There’s too much to go into but I do want to shout out that there are some very cool things that you can learn by doing straight win32 programming. For instance other frameworks like WinForms are just extended class based wrappers around win32 concepts. There are also things like accellerators, menu bars, dialogs, resource files, and effects you can achieve with window styles, that were all fun to learn about.

NES Internals

High level overview of the internals of an NES. I’m gonna skip a ton, oversimplify and half of the terms won’t make sense without other knowledge so… sorry?

CPU

The NES uses a modified version of the MOS6502 cpu, a chip that was used in a lot of computers at the time. They basically wrapped that chip in a package that also had the audio chips, a DMA controler, and some hardwiring of the memory space to things like the controllers and the PPU. So even though there’s reference to an APU, it kinda doesn’t exist except conceptually since it’s all part of the CPU.

APU

The APU consists of hardware to drive 5 channels of output, which are then mixed together and pass through some filters to go out to the speakers. These consist of the following channels:

  • Pulse (x 2): Square waves that use pulse width modulation. Used for most general sounds.
  • Triangle: Less harsh than the pulse channels. Used for bass lines or wind instruments.
  • Noise: Random noise generator. Sounds a bit like static and often used for percussion.
  • DMC: Outputs delta encoded samples from memory. Used most notably for voice clips.

PPU

The graphics on an NES are generated by the Picture Processing Unit (PPU). VERY broadly speaking the PPU renders two things: background tiles and sprites. Sprites are made up of a collection of tiles at a specific position.

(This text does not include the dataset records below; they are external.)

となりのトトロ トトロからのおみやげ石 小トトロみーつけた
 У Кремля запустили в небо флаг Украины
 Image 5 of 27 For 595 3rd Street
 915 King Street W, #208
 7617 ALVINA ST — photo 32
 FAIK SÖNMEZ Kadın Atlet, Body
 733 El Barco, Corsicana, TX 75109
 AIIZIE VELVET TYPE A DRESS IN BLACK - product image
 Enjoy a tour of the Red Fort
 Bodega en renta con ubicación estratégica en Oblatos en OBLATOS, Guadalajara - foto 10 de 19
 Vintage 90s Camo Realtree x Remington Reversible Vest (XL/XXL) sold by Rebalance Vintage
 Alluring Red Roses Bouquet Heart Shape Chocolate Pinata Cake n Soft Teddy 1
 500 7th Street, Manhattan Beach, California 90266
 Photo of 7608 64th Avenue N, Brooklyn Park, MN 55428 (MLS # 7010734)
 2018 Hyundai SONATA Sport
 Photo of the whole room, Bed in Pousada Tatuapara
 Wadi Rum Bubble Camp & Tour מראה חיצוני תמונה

All of the tiles are rendered from an area of memory called the pattern table, which is then combined with a specific pallette to output the right set of colors for that tile in that location. Backgrounds use nametable memory for layout which can be controlled and expanded on by the cartridge. Sprites use OAM ram, which is on the PPU itself and limited to 64 sprites.

Unlike the CPU, the PPU is a hardwired chip and runs through a preset “script” in a sense, based on which dot (x position) and which scanline (y position) it’s on. This means that any game code that has to alter graphics must be done in a specific window of time or be meticulously planned to run at exact points in the process.

Memory

The CPU has 64KB of address space, but that’s actually partitioned to different physical connections and several parts are mirrored, as in they map to the same physical space. The PPU has a separate 16KB of address space which is similarly mapped to different chips and some parts are mirrored.

The NES has 2KB of onboard RAM for the CPU and 2KB of VRAM for the PPU. The PPU internally has 256 bytes for sprite data, called OAM, or Object Attribute Memory, along with 28 bytes to store pallettes.

All of the remaining address space is mapped between the CPU, PPU, APU, controllers, and the cartridge. Every game cartridge can have various hardware with more or less capacity than other games depending on the budget of the game and what effects the developers were trying to achieve. This is what mappers are for.

For example NROM which is mapper 0, was a set of cartridge boards that have a fixed mapping. The CPU addresses above 0x8000 always go the same place on the cart. It’s used in several early games like Donkey Kong, which is the first game to get working if you have it. Mostly because it’s mapper is so simple and it doesn’t have a moving camera.

On the other end of the spectrum you have something like MMC3 which had 512KB of CPU accessible memory alone, more than the CPU can address. So it has internal logic that lets you swap what parts of the address space map to what parts of the ROM. The PPU has a separate set with it’s own logic to swap what maps to what. Plus it has it’s own interrupt mechanism for counting scanlines based on PPU accesses, it’s a whole thing.

Conclusion

This project was a ton of fun and I know this is only the beginning. It’s important that we keep this kind of low level knowledge alive. Even though I’ve spent the last 7+ years doing web dev, it’s valuable to understand how computers actually work to keep things in perspective and to know what’s possible.